“Task not serializable” with java time in Spark-shell (or zeppelin) but not in spark-submit

问题

Weirdly, I found several times there's difference when running with spark-submit vs running with spark-shell (or zeppelin), though I don't believe it.

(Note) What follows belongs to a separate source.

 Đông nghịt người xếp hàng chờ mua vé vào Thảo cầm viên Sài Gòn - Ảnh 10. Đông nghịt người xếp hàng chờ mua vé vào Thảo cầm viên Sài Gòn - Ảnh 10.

With some codes, spark-shell (or zeppelin) can throw this exception, while spark-submit just works fine:

org.apache.spark.SparkException: Task not serializable
  at org.apache.spark.util.ClosureCleaner$.ensureSerializable(ClosureCleaner.scala:345)
  at org.apache.spark.util.ClosureCleaner$.org$apache$spark$util$ClosureCleaner$$clean(ClosureCleaner.scala:335)
  at org.apache.spark.util.ClosureCleaner$.clean(ClosureCleaner.scala:159)
  at org.apache.spark.SparkContext.clean(SparkContext.scala:2292)
  at org.apache.spark.rdd.RDD$$anonfun$mapPartitionsWithIndex$1.apply(RDD.scala:844)
  at org.apache.spark.rdd.RDD$$anonfun$mapPartitionsWithIndex$1.apply(RDD.scala:843)
  at org.apache.spark.rdd.RDDOperationScope$.withScope(RDDOperationScope.scala:151)
  at org.apache.spark.rdd.RDDOperationScope$.withScope(RDDOperationScope.scala:112)
  at org.apache.spark.rdd.RDD.withScope(RDD.scala:363)
  at org.apache.spark.rdd.RDD.mapPartitionsWithIndex(RDD.scala:843)
  at org.apache.spark.sql.execution.WholeStageCodegenExec.doExecute(WholeStageCodegenExec.scala:608)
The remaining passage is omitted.